Re: [Opencxx-users] ROSE AST

SourceForge Headquarters 225 Broadway Suite 1600 San Diego, CA 92101 +1 (858) 422-6466

Andreas Sæbjørnsen wrote:

>> Interesting. As you may have gathered from the online docs, Synopsis was
>> originally
>> designed as a more flexible and powerful alternative to doxygen.
>> However, over the years I realized that what I came up with has the
>> potential to do
>> quite a bit more. The 'AST' I originally designed (and which, I believe
>> should be
>> renamed as it doesn't have anything to do with syntax) is just one
>> particular
>> representation of the code. Another one is the parse tree (now available
>> as the C++
>> Synopsis::PTree namespace), which provides very fine-grained control over
>> the
>> code, inclusively formatting.
>> I hope that I will be able to reuse the 'processor pipeline' design
>> (http://synopsis.fresco.org/docs/Tutorial/pipeline.html) to not only
>> process the
>> AST, but in fact any representation synopsis is or will be able to
>> construct and
>> expose (call graphs come to mind).
> 
> 
> That is great! So if what you call an AST is not an Abstract Syntax Tree,
> does it have
> anything in common with an Abstract Syntax tree?

That depends on what 'Abstract Syntax Tree' stands for in a particular context.
I think the way it is presently used in synopsis is relatively common (though
we only represent declarations, not arbitrary statements, and no expressions either).

However, there really isn't anything related to syntax in this representation,
i.e. specific syntactic constructs are abstracted away (or else I wouldn't be able
to use the same representation for multiple languages syntactically as different
as python and C++).

So, may be 'Abstract Semantic Graph' would be a better description of what this
is about.

> Also I have a question
> regarding
> why you have chosen to work with a C++ parse tree as an intermediate
> representation
> instead of an Abstract Syntax Tree?

I simply follow a processing model where the first thing obtained from the
parser is a parse tree.

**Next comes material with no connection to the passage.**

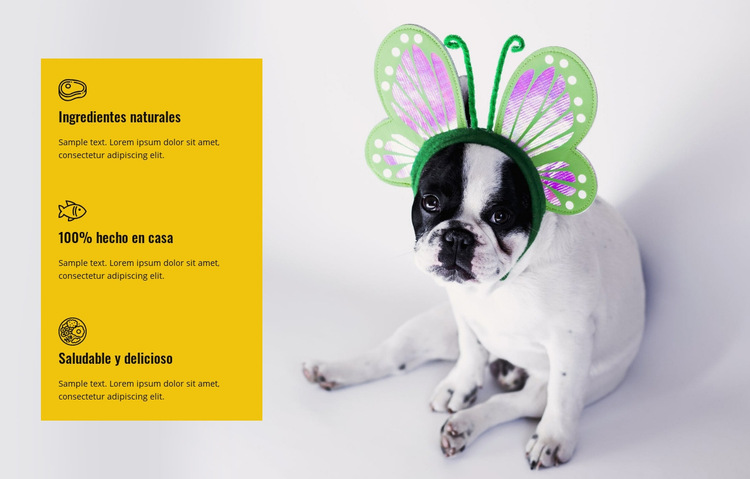 Comida sana y deliciosa para mascotas Plantilla de sitio web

That, together with a symbol table and some type
repository, can be processed into higher level representations such as
the AST that is presently at the heart of synopsis.

The parse tree is simply a different representation exposing much more
detail at a much lower level. There are tasks that are best done on
that low level, and others, which work better on a higher level.

The PTree is currently only available as a C++ API / representation,
but I plan to expose that to python (via boost.python) as soon as it
stabilizes sufficiently (and is complemented by the two other representations:
symbol table and type repository). In fact, some first draft of such a
python module is already in the snapshots, within the sandbox/ directory.

[...]

> The
> feature which we think separates us the most from other source-to-source
> translators
> is that we can do whole program analysis, e.g we can merge the ASTs of all
> the
> separate compilations in a program into one big AST.

Right, 'linking' different ASTs is done in synopsis, too, so it is straight
forward to generate a source code navigation tool that is able to link the
correct symbols across different source files.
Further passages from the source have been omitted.